Iwata voiced confidence that Japan was making steady progress in meeting the central bank’s inflation goal with prices rising not just because of a weak yen, which inflates import costs, but strength in domestic demand.
He also said heightening inflation expectations in Japan would help prevent excessive rises in the yen, which had weighed on the export-reliant economy during 15 years of deflation.
While he stressed the BoJ’s resolve to maintain ultra-loose monetary conditions for as long as needed to beat deflation, Iwata said the central bank’s current stimulus programme also aims to prevent excessive inflation.
“The BoJ’s current policy intends to prevent not just deflation but inflation from well exceeding 2%, such as to 4% or 5%, for a medium- to long-term period,” Iwata told a seminar.
“If the economy overheats and inflation exceeds 2% on a permanent basis, we will adjust policy,” he said. “On the other hand, if our price goal is distant and prices don’t seem to be approaching the target, we will adjust policy the other way” by expanding stimulus, he added.
Since deploying its “quantitative and qualitative easing” (QQE) programme in April last year, the BoJ has remained silent on when it could consider withdrawing the stimulus for fear of diluting its message that it is determined to end nearly two decades of economic stagnation.
Iwata’s comments, the first from a senior BoJ official directly mentioning the chance of withdrawing QQE, reflects the growing confidence within the central bank that Japan is winning the battle against deflation.
The BoJ has repeatedly said the economy is recovering strongly enough for consumer inflation to hit its 2% target by around April next year, when its two-year time frame for meeting the goal expires.

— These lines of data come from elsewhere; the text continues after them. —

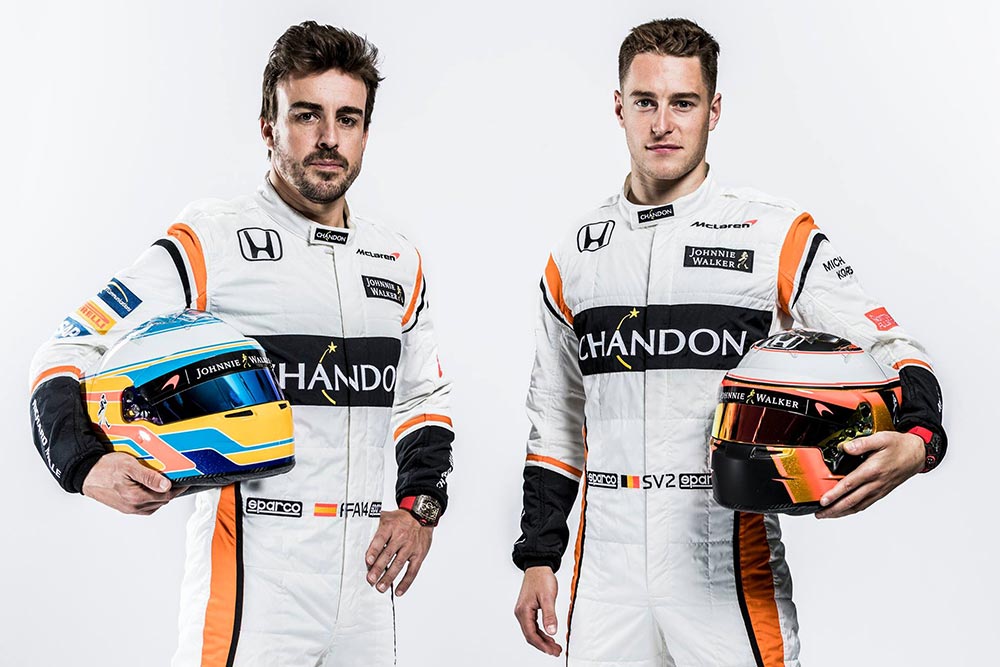 alonso-vandoorne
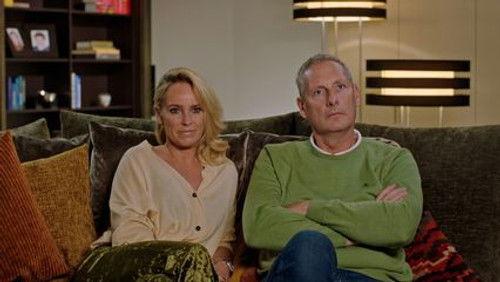 De Verhulstjes Season 3 Episode 1 - Episode 1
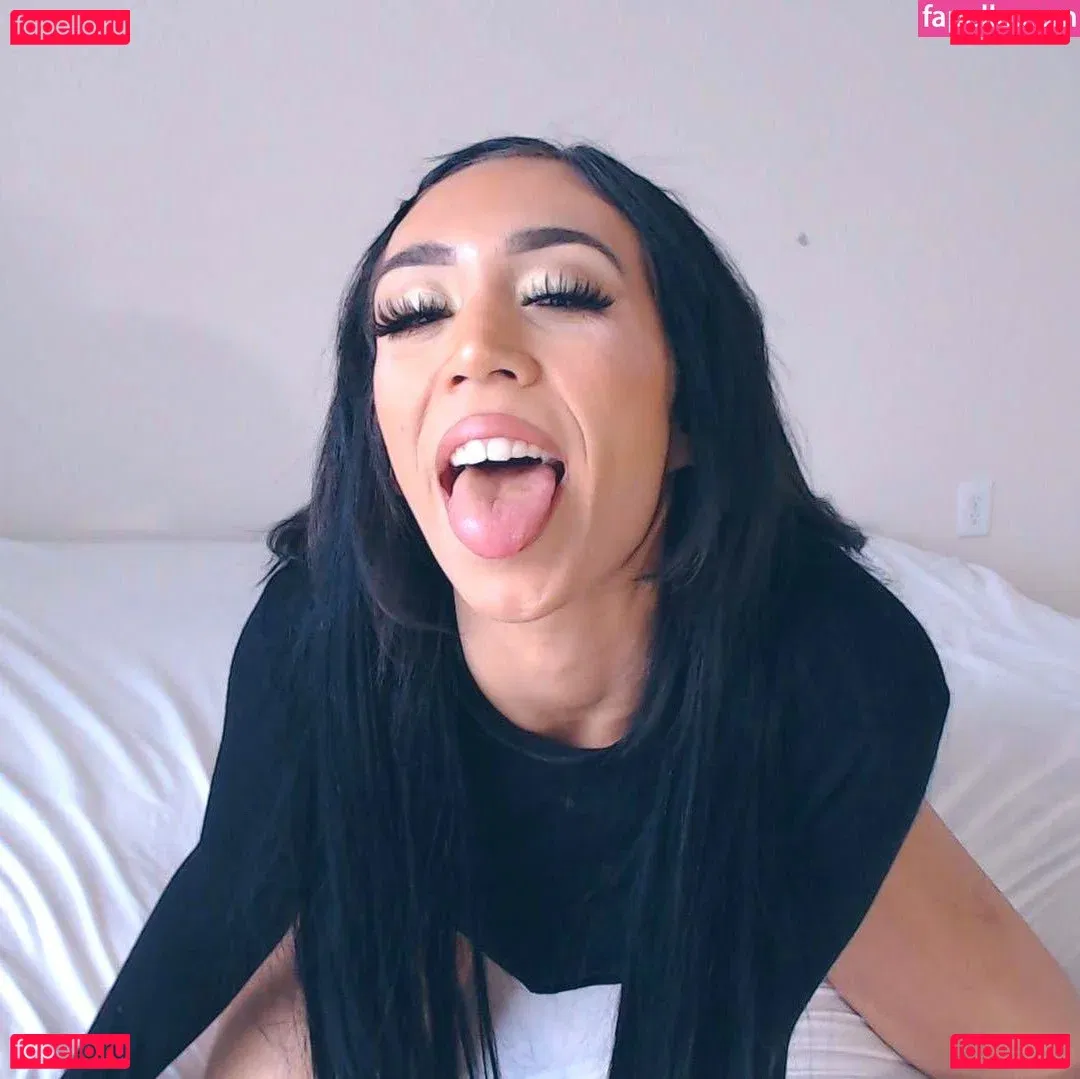 BbyBiancaRose Onlyfans Photo Gallery 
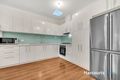 Property photo of 32 Webster Street Dandenong VIC 3175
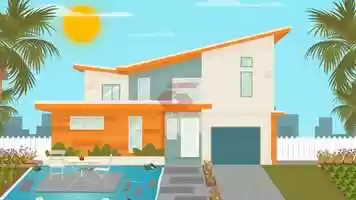 Free download Product Oriented Video | 2d Animation video and edit with RedcoolMedia movie maker MovieStudio video editor online and AudioStudio audio editor onlin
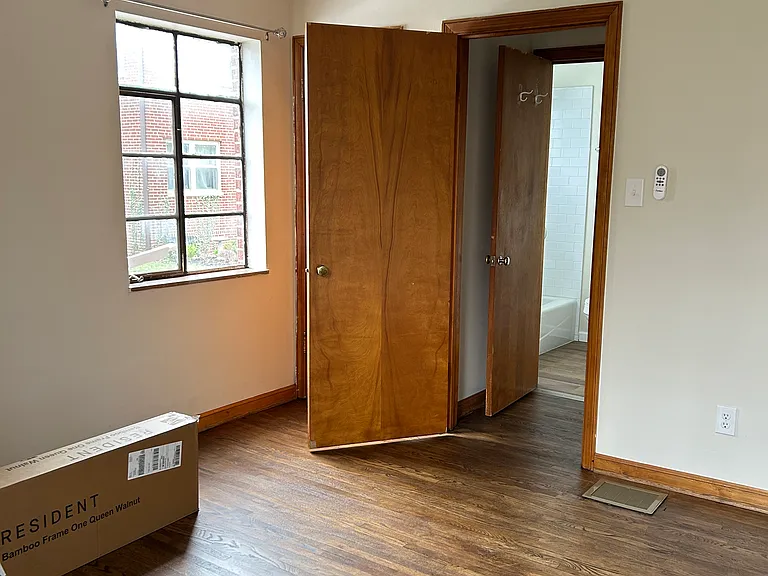 1314 W 7th Ave — Photo 19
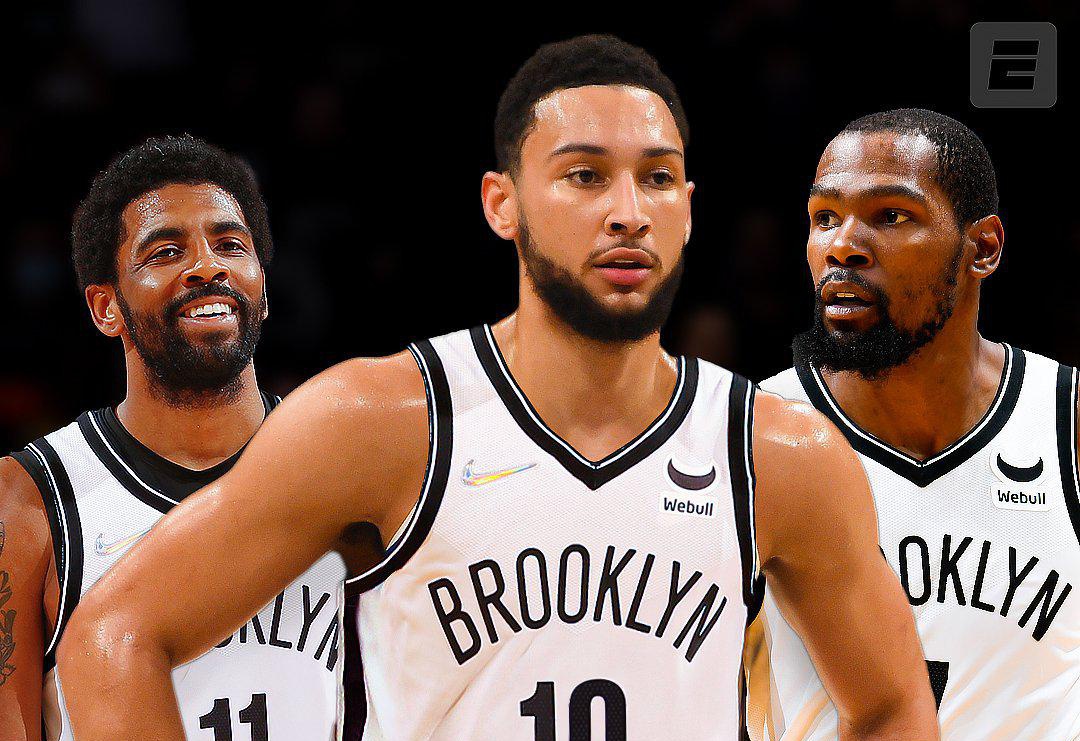 求极端长打 求极端长打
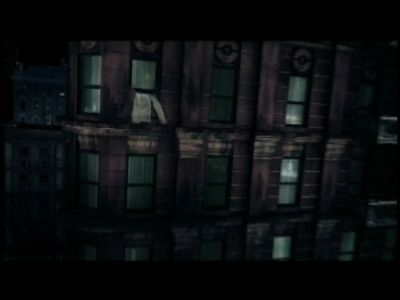 Keywords: amy lee,amy photos,evanescence,fallen,music video,bring me to life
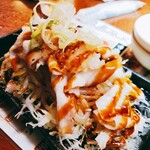 一杯酒場 たこ心 - 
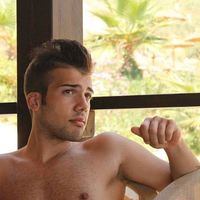 Фотографии пользователя Antonino Russo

While core consumer inflation has reached 1.3% in March, market players remain sceptical on whether price gains will accelerate from here as quickly as the BoJ predicts.
Still, the BoJ’s optimistic view of the economy and prices have led market players to scale back expectations of imminent monetary easing.

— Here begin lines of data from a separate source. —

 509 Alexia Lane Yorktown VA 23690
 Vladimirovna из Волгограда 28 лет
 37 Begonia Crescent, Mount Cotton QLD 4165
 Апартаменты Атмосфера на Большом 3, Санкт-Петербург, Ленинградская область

Iwata said that while the BoJ will support the economy by stimulating demand, it was the government’s job to boost Japan’s long-term growth potential by implementing structural reforms.
Economic growth will remain subdued even if the BoJ achieves its price target, unless the government proceeds with structural reforms, he warned.

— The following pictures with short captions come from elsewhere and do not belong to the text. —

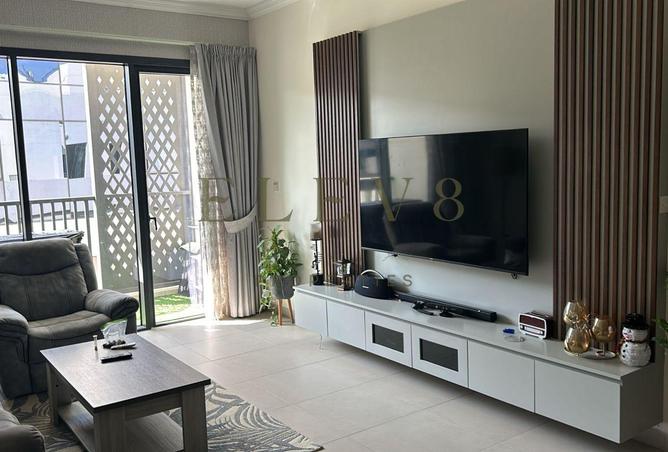 74236127 - صورة العقار 3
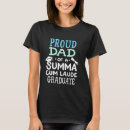 Search for cum tshirts College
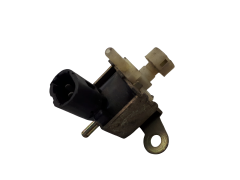 Elektroventil Renault 855547 7700855547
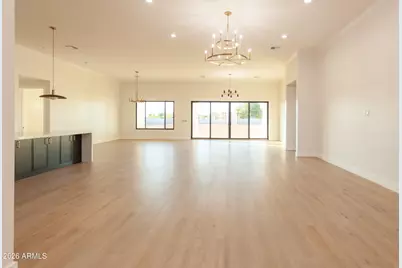 3782 E Weston Lane, San Tan Valley, AZ 85140 - Photo 8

Meanwhile, Bank of Japan board member Takehiro Sato proposed changing the central bank’s assessment of prices to say that risks are tilted somewhat to the downside, highlighting scepticism within the board that Japan would be able to decisively beat off deflation in a year’s time.
The minutes of the April 30 policy meeting released yesterday showed Sato had also called for changing the wording of the central bank’s price target, suggesting a loosening of BoJ’s commitment to achieving its 2% inflation goal by the end of the next fiscal year.
The proposal was rejected by an 8-to-1 vote, with the BoJ maintaining its stance that risks to prices are finely balanced. However, Sato’s views highlight the lingering uncertainty about the price target that could cause the central bank to alter its bullish forecast later in the year. “Inflation is likely to slow as the impact of yen depreciation from last year falls out of the year-on-year comparison,” said Hiroaki Muto, senior economist at Sumitomo Mitsui Asset Management Co.
“Once this happens it will be difficult for the BoJ to maintain its aggressive outlook. Sato is merely trying to offer a more honest description of prices.”
The BoJ aims to achieve 2% inflation in about a year from now with an aggressive quantitative easing scheme it put in place last year.
Sato has expressed his doubts about this target before, but taking the additional step of making a proposal to change the central bank’s language places him in a group with other sceptical board members Sayuri Shirai and Takahide Kiuichi.
Shirai and Kiuchi have repeatedly proposed changes that would loosen the timeframe for achieving 2% inflation or limit the central bank’s commitment to continuing with its massive purchases of government debt and risk assets.
None of their proposals has won any supporters, which shows that the remaining six members of the board form a solid core that is committed to the price stability target.
Still, signs of disagreement on the board highlight the fact that there are still many sceptics more than a year after the BoJ overhauled its monetary policy to end 15 years of mild deflation.
At the meeting on April 30, the BoJ left policy unchanged and issued consumer price forecasts for fiscal 2016/17, which show it expects to comfortably meet its inflation target.